Every new device added to a network brings with it a new set of vulnerabilities that pose a threat to the entire system.To keep a track of what is added to the network, figuring out the threats introduced and implementing corresponding defenses is tedious as well as an error prone process.Given that vulnerabilities of network devices are known, we plan to use this information to identify dangerous packets and report them. This entire project involves building an algorithm that would first identify threats/attack modules for any device OS that is being added to the network, correlate these threats/attack modules to their respective CVEs and finally either use the Snort community rule files to look for pre-exisiting rules, or craft the Snort rule based on the payload, which will alert the network to malicious traffic. This ensures that the network has dynamic defense setup and is updated against known threats.

Design and Implementation

Design We intend to show how we can alert our network against known attacks on devices, without manual intervention. For this purpose, our design includes victim machines, which represent various new and un-patched devices that are added into the network. Snort IDS is used to detect and report an ongoing attack.
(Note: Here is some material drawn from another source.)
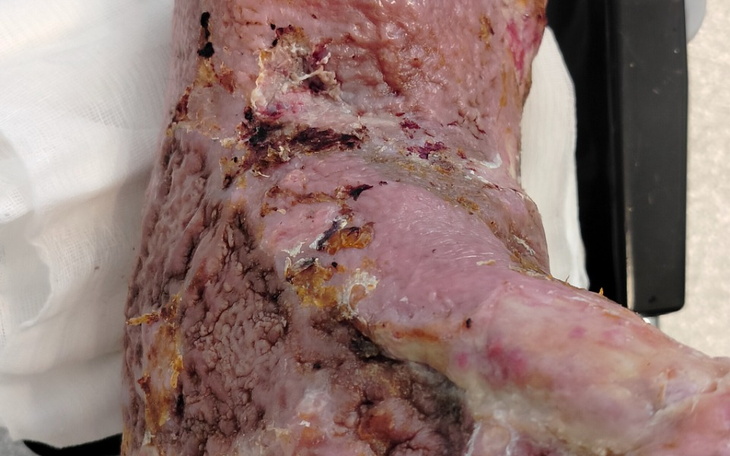 Zbiórka Na nowe nogi - zdjęcie główne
Our Algorithm looks to leverage the Community Rules of Snort, by first looking at automatically determining the Vulnerabilities of the OS of the device on Metasploit and using the CVEs of those known vulnerabilities to filter and add corresponding Snort Rule to flag any potential malicious traffic. In order to increase the percentage of Modules having a direct Snort Rule correlation, we have also considered reading all previous versions of the Community Rulesets if the rule is absent in the latest version of the community ruleset. We have also looked to extend the algorithm to solve injection based overflow attacks due to a common signature being found across those attacks that we exploited.

Infrastructure and Testbed Setup Our testbed has two major types of nodes - attacker and the victims. Each of these VMs are on TopoMojo environment as shown in Figure 1.
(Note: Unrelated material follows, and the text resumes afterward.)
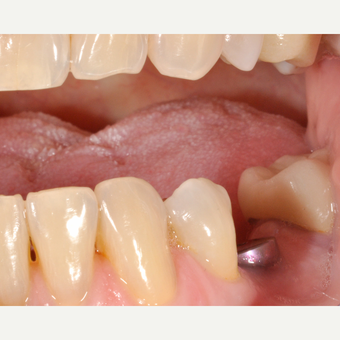 65-74 year old woman treated with Dental Implants before 3254027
Attacker: The first node in our system is the Attacker VM. This is a Kali Linux with Metasploit installed. We use this to scan the victim for exposed vulnerabilities and carry out the actual attack.

Victim: The second type of node in our system are the victim nodes.For our testing we have Windows Server 2008 R2, Windows 2012 R2 and Windows 2016 R2. We started out with this as, these machines have many vulnerabilities.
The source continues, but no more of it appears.